I did some quick searching on the site and couldn't seem to find the answer I was looking for so that being said, what are some best practices for passing large xml files across a network. My thoughts on the matter are to stream chunks across the network in manageable segments, however I am looking for other approaches and best practices for this. I realize that large is a relative term so I will let you choose an arbitrary value to be considered large.
In case there is any confusion the question is "What are some best practices for sending large xml files across networks?"
Edit:
I am seeing a lot of compression being talked about, any particular compression algorithm that could be utilized and in terms of decompressing said files? I do not have much desire to roll my own when I am aware there are proofed algorithms out there. Also I appreciate the responses so far.
Compressing and reducing XML size has been an issue for more than a decade now, especially in mobile communications where both bandwidth and client computation power are scarce resources. The final solution used in wireless communications, which is what I prefer to use if I have enough control on both the client and server sides, is WBXML (WAP Binary XML Spec).
This spec defines how to convert the XML into a binary format which is not only compact, but also easy-to-parse. This is in contrast to general-purpose compression methods, such as gzip, that require high computational power and memory on the receiver side to decompress and then parse the XML content. The only downside to this spec is that an application token table should exist on both sides which is a statically-defined code table to hold binary values for all possible tags and attributes in an application-specific XML content. Today, this format is widely used in mobile communications for transmitting configuration and data in most of the applications, such as OTA configuration and Contact/Note/Calendar/Email synchronization.
For transmitting large XML content using this format, you can use a chunking mechanism similar to the one proposed in SyncML protocol. You can find a design document here, describing this mechanism in section "2.6. Large Objects Handling". As a brief intro:
This feature provides a means to synchronize an object whose size exceeds that which can be transmitted within one message (e.g. the maximum message size – declared in MaxMsgSize
element – that the target device can receive). This is achieved by splitting the object into chunks that will each fit within one message and by sending them contiguously. The first chunk of data is sent with the overall size of the object and a MoreData tag signaling that more chunks will be sent. Every subsequent chunk is sent with a MoreData tag, except from the last one.
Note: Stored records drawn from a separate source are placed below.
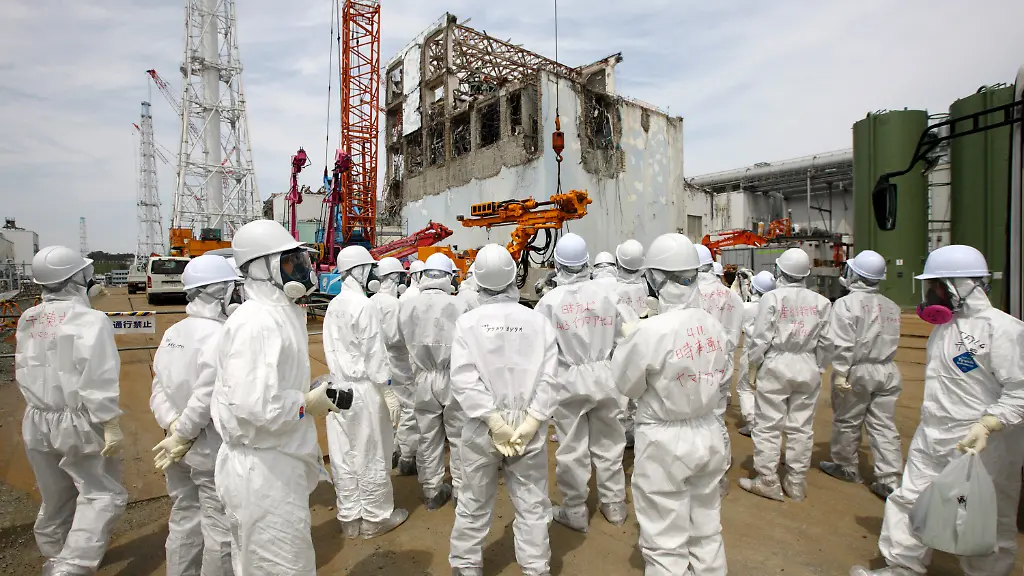 DI30020-20120723-jpg7151592721461410403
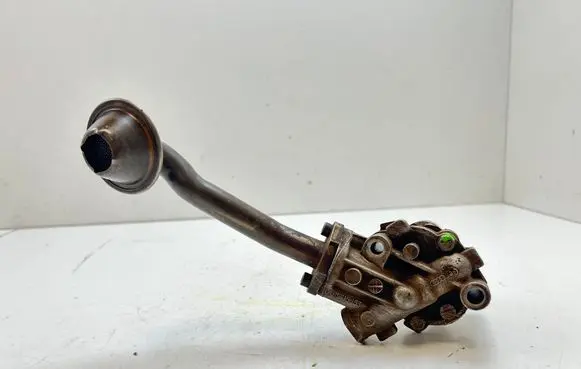 Audi A4 S4 B5 8D Oil pump 058115153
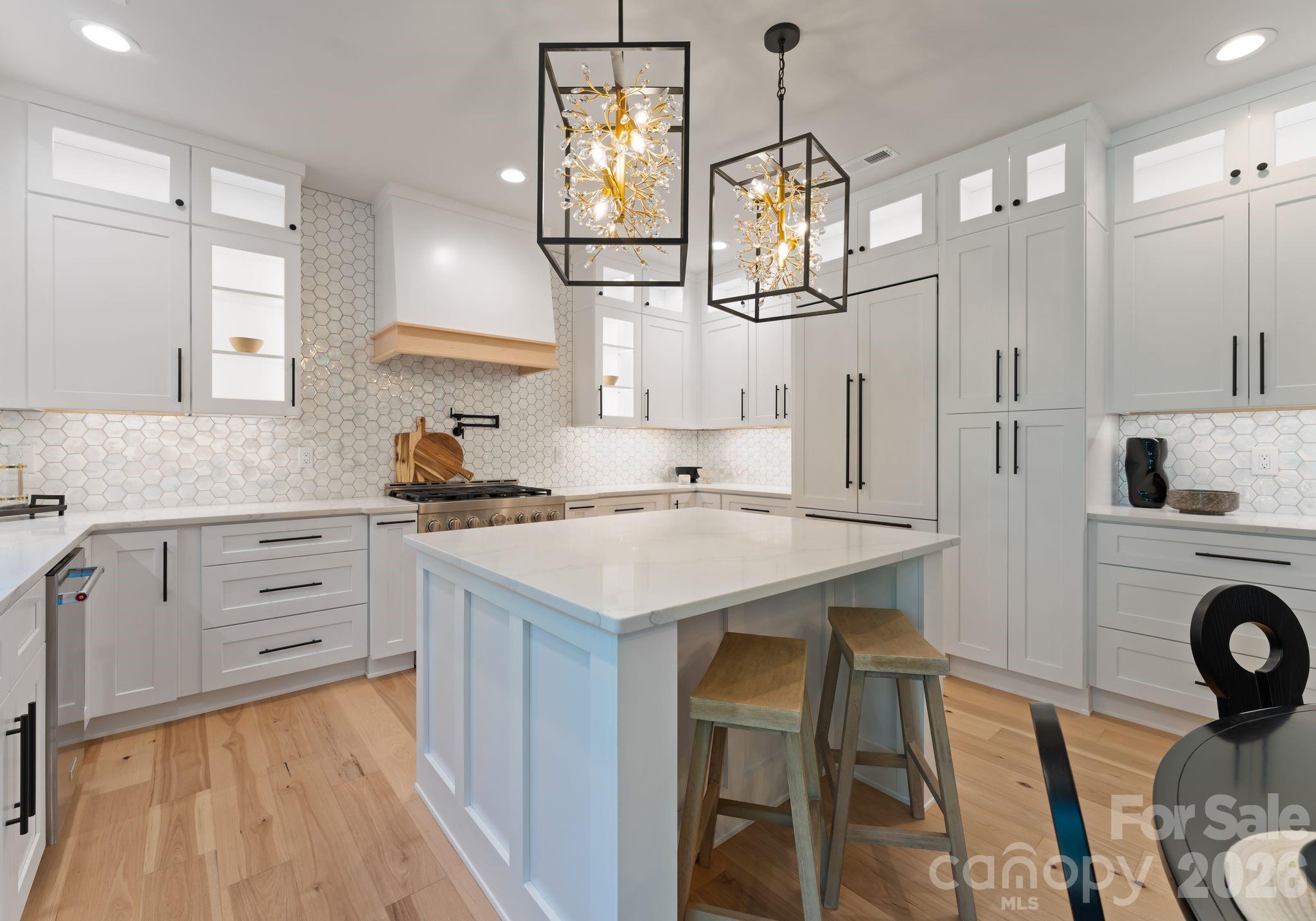 1637 Longfellow Street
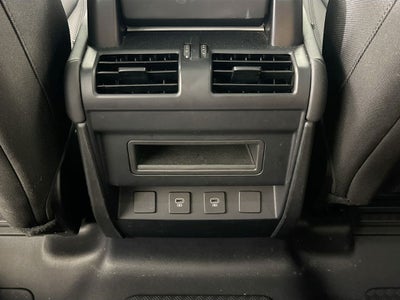 2025 Land Rover Defender 110 P300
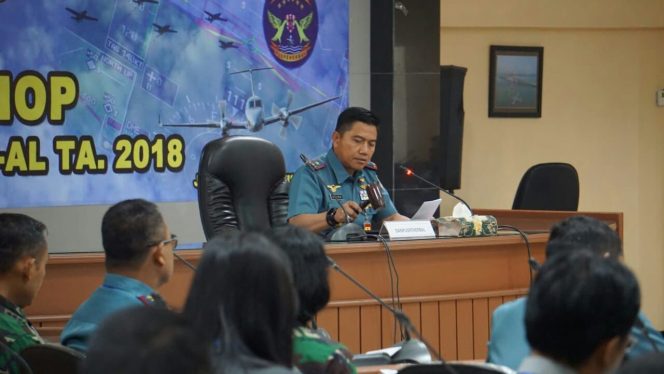
Komandan Puspenerbal, Laksamana Pertama TNI Dwika Tjahja Setiawan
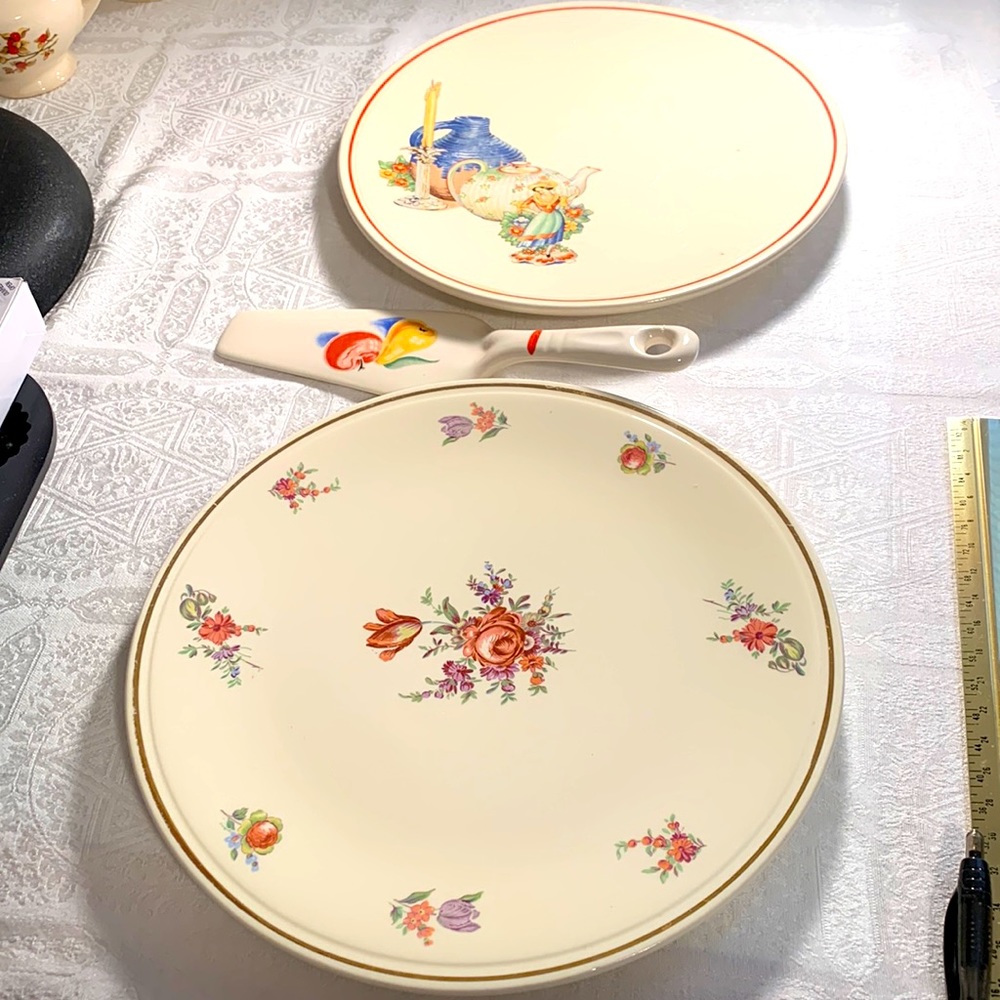 LOT OF 2 vintage cake plates plus server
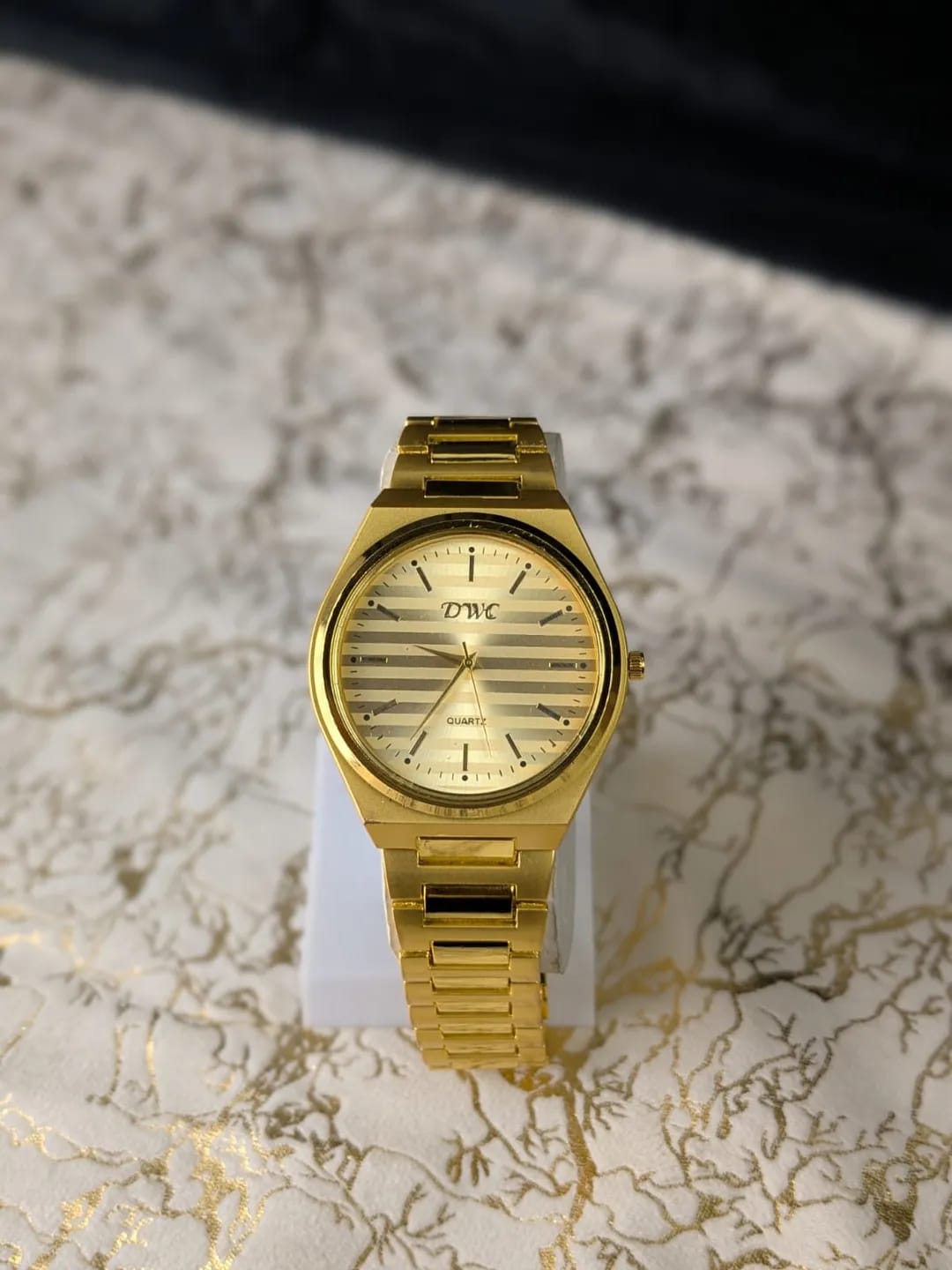 Woman Rose Gold  crystal watch with bracelet strap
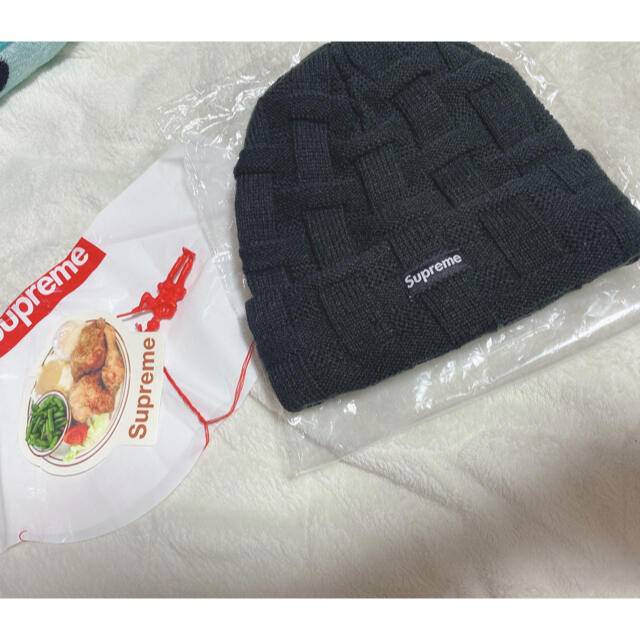 Supreme(シュプリーム)のsupreme ニット帽 レディースの帽子(ニット帽/ビーニー)の商品写真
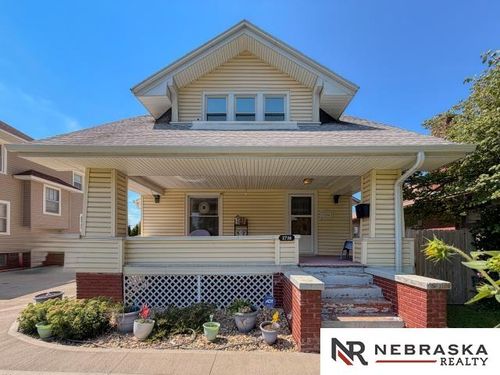 2736 Fontenelle Blvd, Omaha, NE, 68104-4542 | Card Image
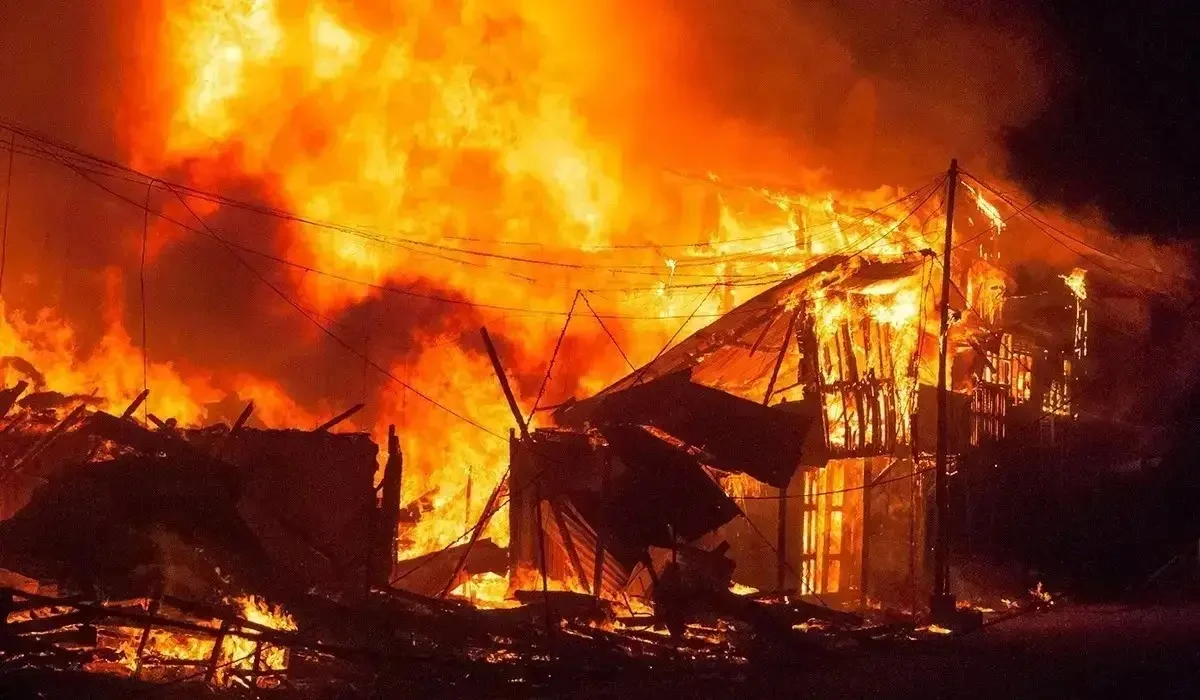 Ақтөбеде алапат өрттен полицей бірнеше адамды құтқарды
Depending on how large it is, you might want to considering compressing it first. This, of course, depends on how often the same data is sent and how often it's changed.
To be honest, the vast majority of the time, the simplest solution works fine. I'd recommend transmitting it the easiest way first (which is probably all at once), and if that turns out to be problematic, keep on segmenting it until you find a size that's rarely disrupted.
Compression is an obvious approach. This XML bugger will shrink like there is no tomorrow.
If you can keep a local copy and two copies at the server, you could use diffxml to reduce what you have to transmit down to only the changes, and then bzip2 the diffs. That would reduce the bandwidth requirement a lot, at the expense of some storage.
Are you reading the XML with a proper XML parser, or are you reading it with expectations of a specific layout?
For XML data feeds, waiting for the entire file to download can be a real waste of memory and processing time. You could write a custom parser, perhaps using a regular expression search, that looks at the XML line-by-line if you can guarantee that the XML will not have any linefeeds within tags.
If you have code that can digest the XML a node-at-a-time, then spit it out a node-at-a-time, using something like Transfer-Encoding: chunked. You write the length of the chunk (in hex) followed by the chunk, then another chunk, or "0\n" at the end. To save bandwidth, gzip each chunk.